Chinese snacks manufacturer

The logo of Hsu Fu Chi

Hsu Fu Chi (Chinese: 徐福记; pinyin: Xú Fú Jì) is a Chinese company, based in Dongguan, China, that manufactures various confectionaries, biscuits, chocolates, jellies, sachima, and snacks. The company is owned by Nestlé.

==History==

===Beginnings and independent growth===

In 1992, Mekey Hsu Chen founded Hsu Fu Chi in The People's Republic of China. In 1994, the brand was trademarked in the PRC. In 1997, Transpac invested in the company, and the brand became the top-selling brand in China for ten years; in 2008, they were relegated to the number 2 position, after Mars, Inc. Hsu Fu Chi was the first company to introduce the "Pick and Mix" format in China, in which consumers can pick various kinds of confectionaries out of tubs instead of picking only one kind.

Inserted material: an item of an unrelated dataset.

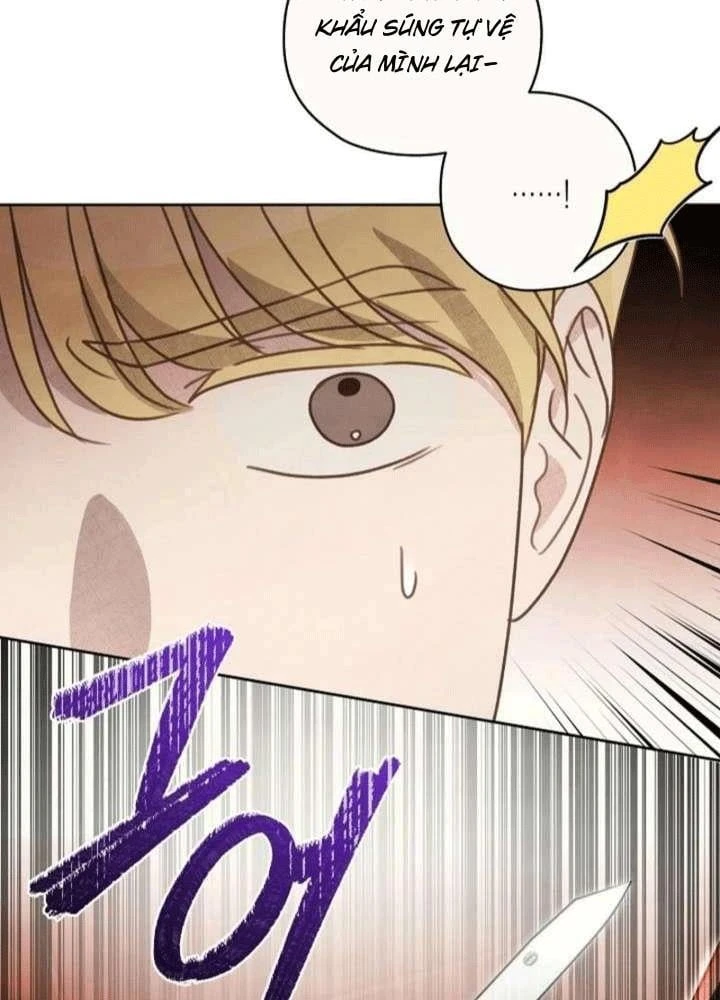 Nhật Ký Thuần Hóa Của Linh Sư Cấp S Chapter 59 - 94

In 2000, Hsu Fu Chi began to build a distribution network across China. In 2004, they created the world's first fully automated sachima plant. They were listed on a stock exchange in Singapore in 2006: the SGX ST in 2006, one of the first Chinese confectionery companies to be listed on a stock exchange, and the first to be listed on the SGX.

They opened at factory in Zhumadian, China, in 2010. Over five years, from 2007 to 2012, their profits grew 17%.

=== Acquisition by Nestlé===

In 2011, the company entered talks with several companies for the sale of the company. On 11 July 2011, Nestlé, the largest food company in the world, paid $1.7 billion for a 60 percent stake in Hsu Fu Chi International, which is about 3.3 times the sales figures of Hsu Fu Chi for the stake. Nestlé agreed to buy 43.5 percent of Hsu Fu Chi's shares at S$4.35. If the scheme was approved by independent shareholders, Nestlé would then acquire a 16.5 percent stake from the Hsu family, which would leave them with 40 percent.

On 6 December 2011, the government of the People's Republic of China and the government of The Cayman Islands (where the company was incorporated) accepted Nestlé's bid, and allowed Nestlé to proceed in its acquisition. Nestlé acquired the remaining shares from the Hsu family in 2025.